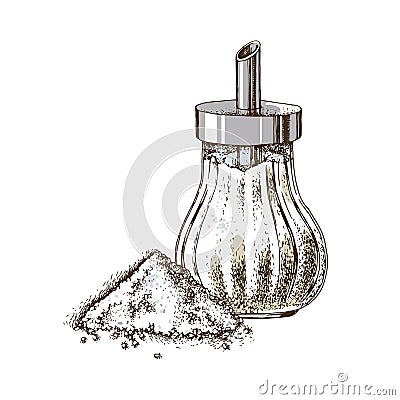 Hand drawn sugar bowl and heap of sugar Vector Illustration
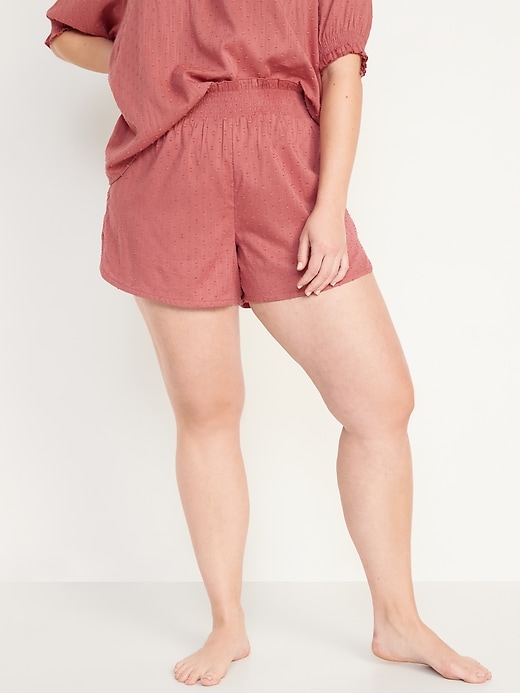 Image number 5 showing, High-Waisted Smocked-Waist Textured Clip-Dot Pajama Shorts -- 4-inch inseam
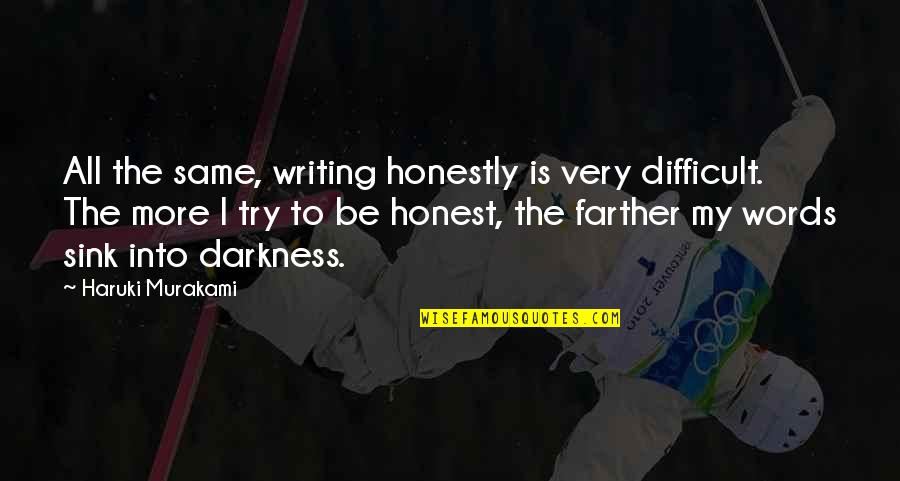 Qurani Ayat Quotes By Haruki Murakami: All the same, writing honestly is very difficult.
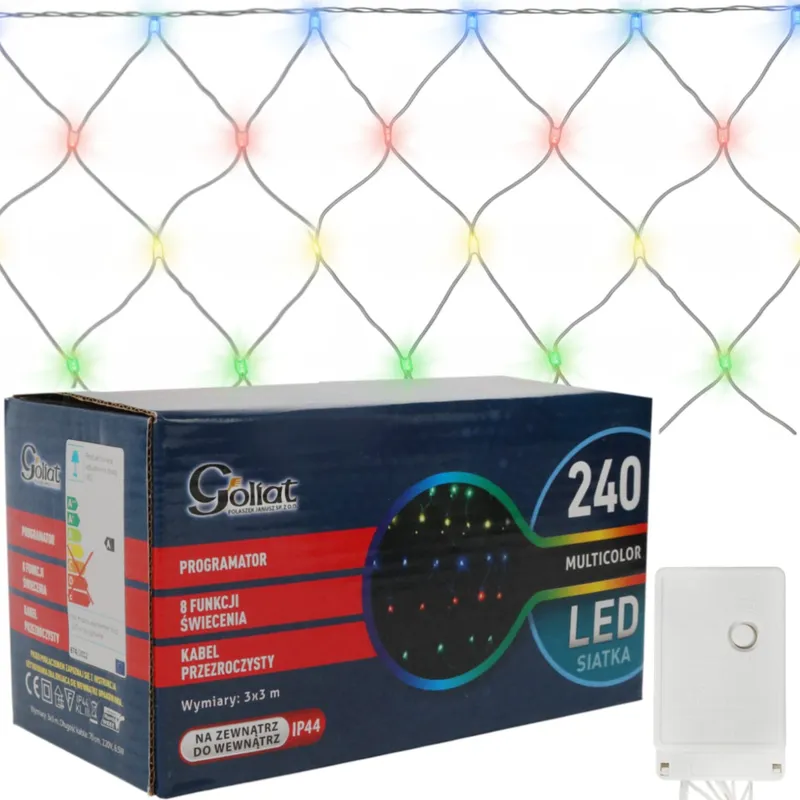 Siatka LED 3x3 m 240 LED Multikolor Lampki Choinkowe Zewnętrzna
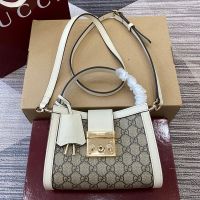 Gucci Padlock Small Top Handle Bag In GG Supreme Canvas 841653 Beige/White
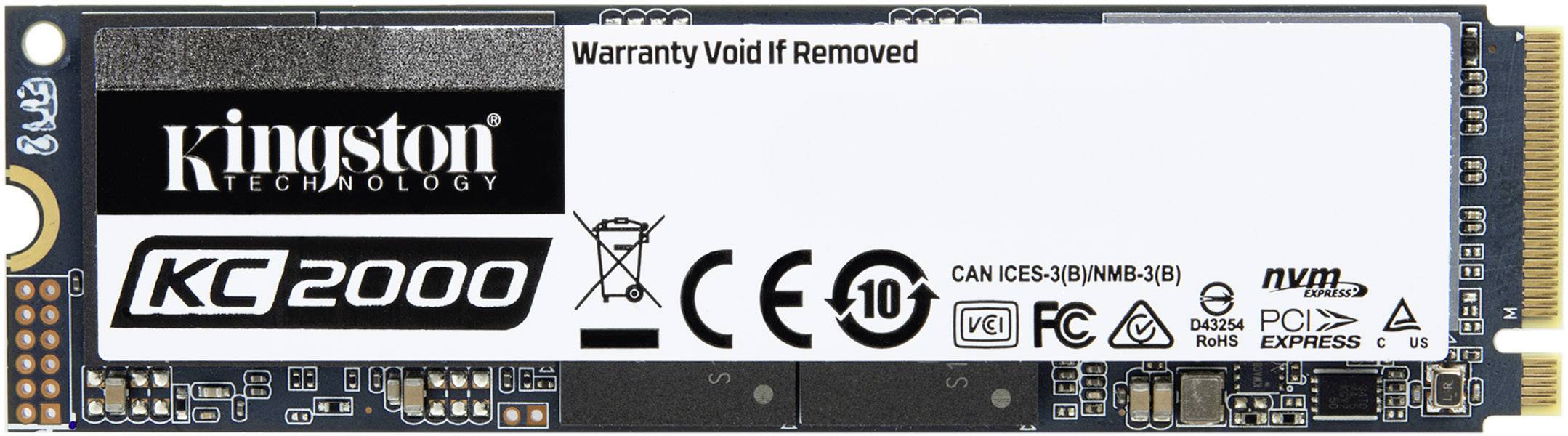 Kingston KC2000 1TB Interne M.2 PCIe NVMe SSD 2280 M.2 NVMe PCIe 3.0 x4 Retail SKC2000M8/1000G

------------------------------------

• _Your task_
Print out the entries above word for word from the first line to the line containing "Qurani Ayat Quotes", both included, omitting the pictures.

• _Output below_
 Hand drawn sugar bowl and heap of sugar Vector Illustration
 Image number 5 showing, High-Waisted Smocked-Waist Textured Clip-Dot Pajama Shorts -- 4-inch inseam
 Qurani Ayat Quotes By Haruki Murakami: All the same, writing honestly is very difficult.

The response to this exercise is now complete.